OKLAHOMA CITY (KFOR) - Pamela Smith says she is simply seeking justice for a crime that happened decades ago.
In the 1990s, Smith says she was repeatedly raped by an Oklahoma state government official while she was in custody. After bringing her allegations against the official to light, Smith says she was assaulted with a glass salt shaker.
"This is not your run-of-the-mill rape case. This is a civil rights violation," said James Johnson, with the New Black Panther Party of Tulsa.
Smith says that investigators found the salt shaker, and delivered it to officials in Tulsa. However, that salt shaker has since disappeared.
Supporters say Oklahoma authorities conducted an investigation into the allegations, but state officials say they found no evidence of rape in the case. Smith was ultimately unable to prove her case at the time.
The alleged rapist was never charged and was not removed from his position.
In October of 2018, supporters say Smith found new evidence in her case and immediately contacted the Federal Bureau of Investigation.
In 2019, she filed a civil suit against three state agencies. In July, the case was dismissed. However, she filed an appeal.
Supporters say they uncovered discrepancies while searching through online court records for the case.
Smith's supporters say that the Oklahoma Attorney General's Office didn't follow rules or a court order to respond to Smith's case by a deadline. Instead, they claim that someone at the office backdated documents in order to appear to follow the rules.
"There are some state officials that need to be locked up. They know what they've done. They've lied for 23 years. They've backdated documents," said Johnson.
The Oklahoma Attorney General's Office denies those allegations.
Smith also claims that online records regarding her case disappeared from the Public Access to Court Electronic Records (PACER) system.
Smith's supporters say the truth will be revealed, even though they claim state leaders have tried to cover up the crime for years.
"I don't care what I have to go through. I will not give up," Smith said.

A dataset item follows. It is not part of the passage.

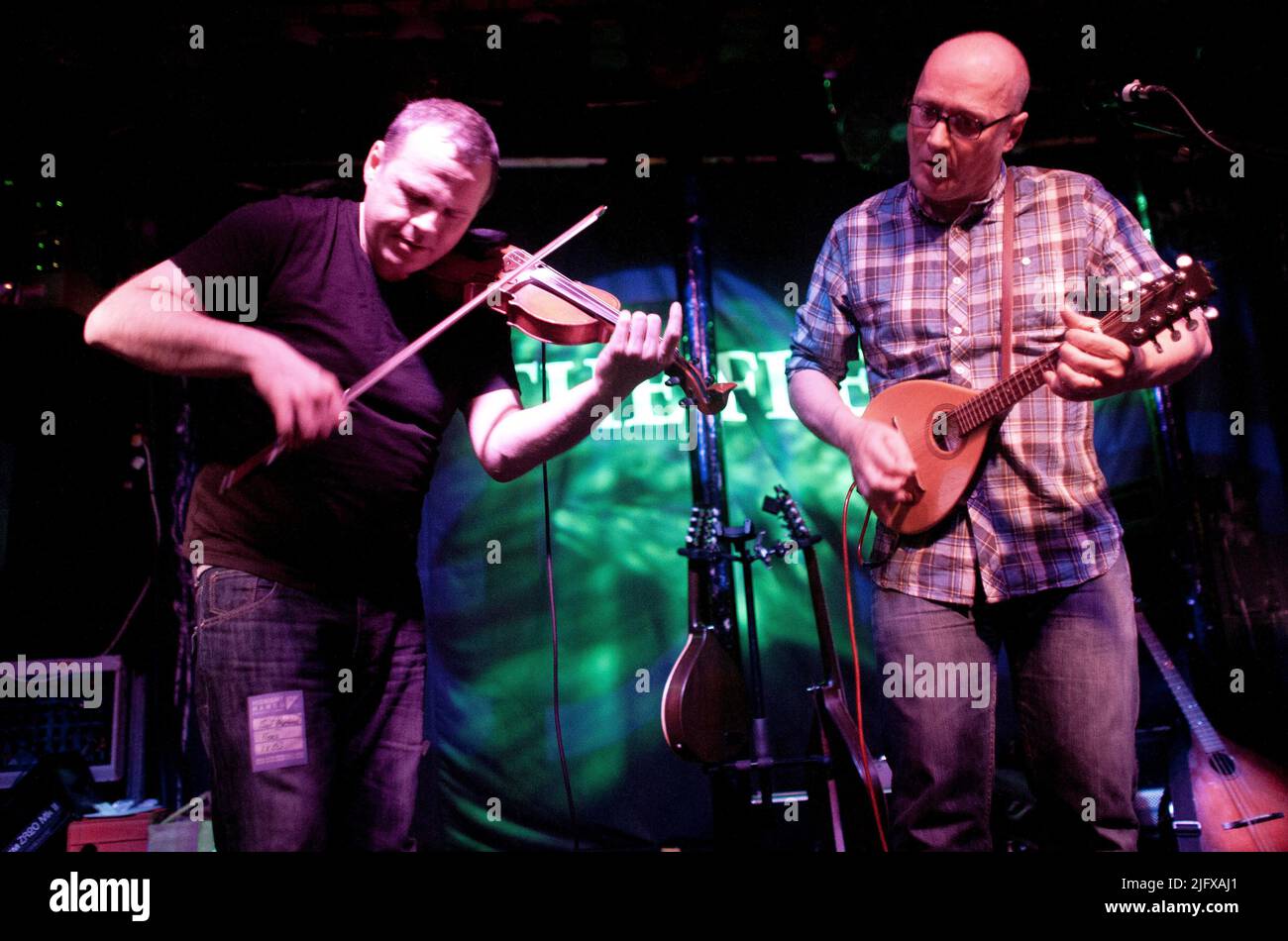 Andy Dinan, Troy Donockley e Adrian Edmondson dei Bad Shepherds suonano il Fleece di Bristol come parte del loro primo tour di addio. 28 ottobre 2011. Foto Stock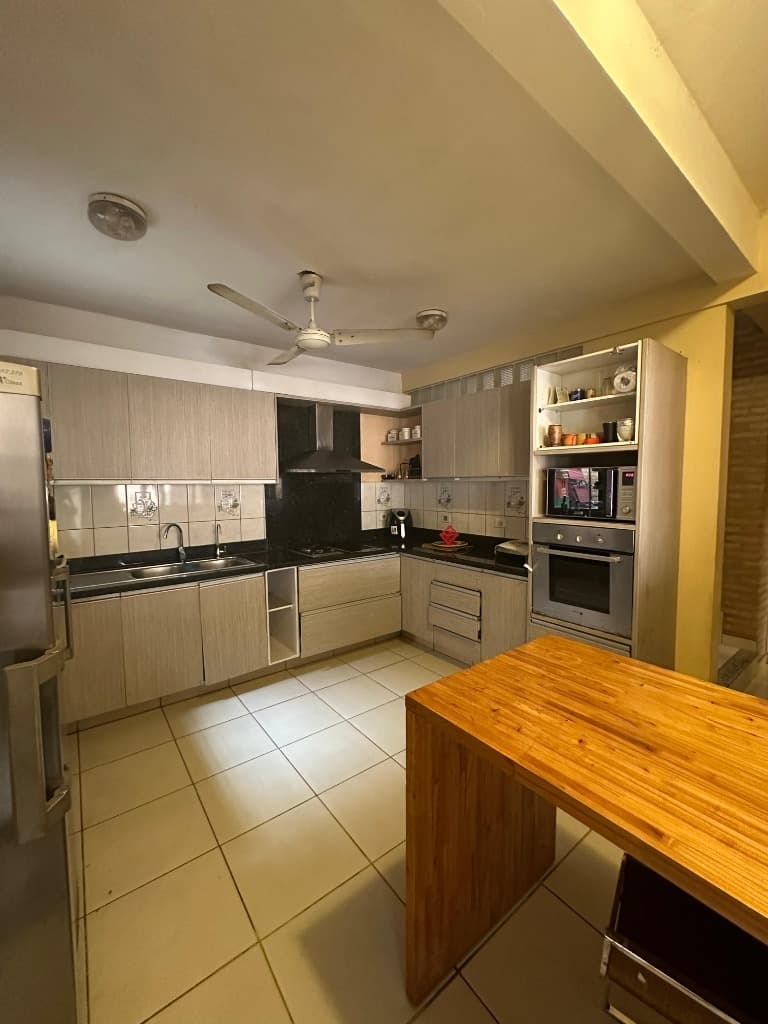 Casa En Fernando de la Mora Zona Norte - 698 M2 Con Piscina Y Generador, foto 3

News 4 reached out to the Oklahoma Attorney General's Office and received the following statement:
"We take allegations of sexual assault very seriously. Any investigation done in Ms. Smith’s case was handled during a different attorney general’s administration. Her accusations against our office, in particular, are fundamentally untrue. Our office has no authority or ability to take information off the PACER website. Additionally, the information she is claiming we destroyed is still available on PACER. She was also mailed a physical copy,” said Oklahoma Attorney General's Communications Director Alex Gerszewski.